#### [SOURCE INFORMATION]
——
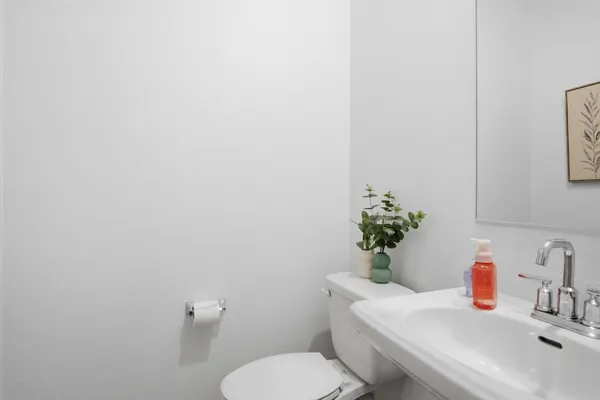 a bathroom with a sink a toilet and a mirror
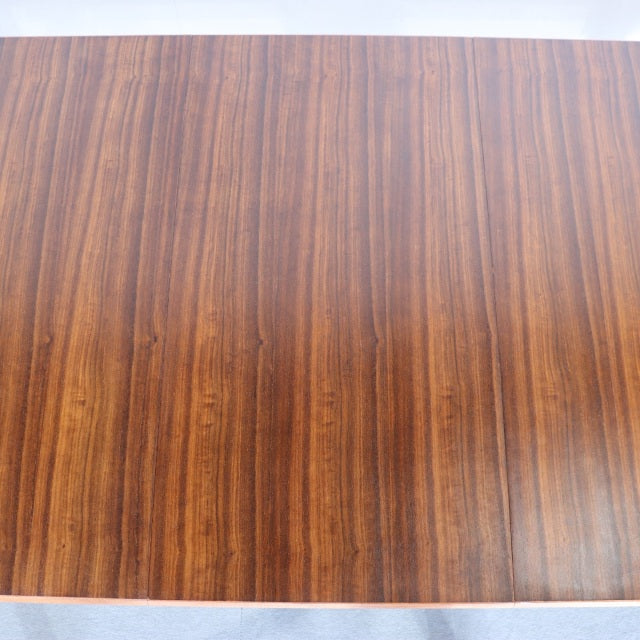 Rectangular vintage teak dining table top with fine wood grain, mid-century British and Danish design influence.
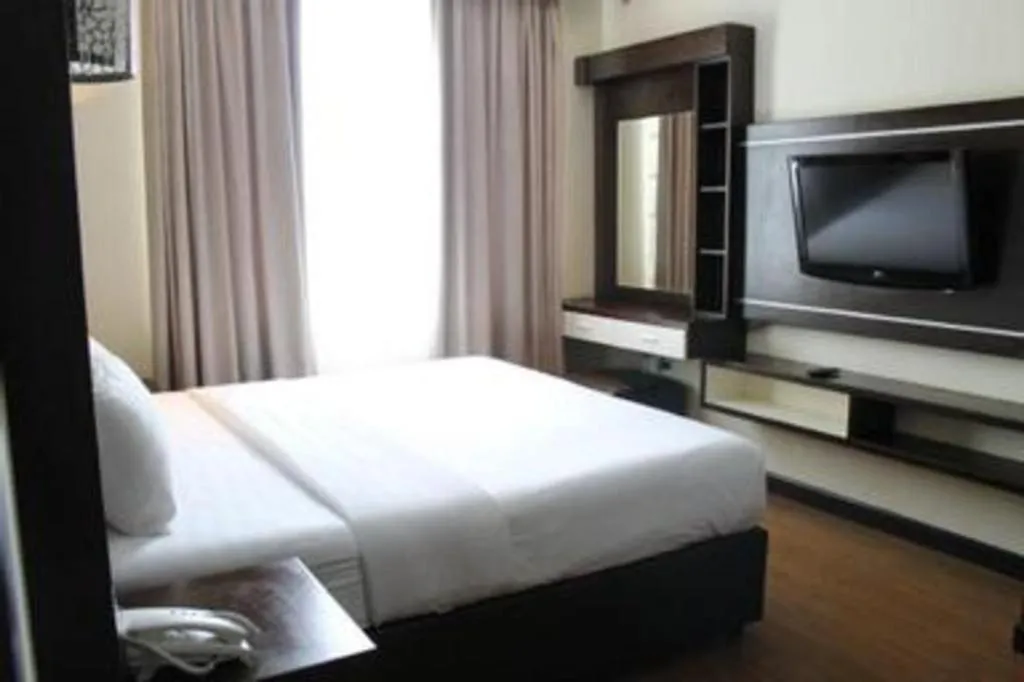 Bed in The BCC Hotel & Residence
——
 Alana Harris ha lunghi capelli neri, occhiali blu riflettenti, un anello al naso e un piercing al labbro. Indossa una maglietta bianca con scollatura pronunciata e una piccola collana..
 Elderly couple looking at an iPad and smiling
——
#### [YOUR GOAL]
Starting with the line with "Alana Harris ha" above and going on through the line with "Elderly couple looking", transcribe every line exactly, both ends included, and add nothing.

#### [EXERCISE RESULT]
 Alana Harris ha lunghi capelli neri, occhiali blu riflettenti, un anello al naso e un piercing al labbro. Indossa una maglietta bianca con scollatura pronunciata e una piccola collana..
 Elderly couple looking at an iPad and smiling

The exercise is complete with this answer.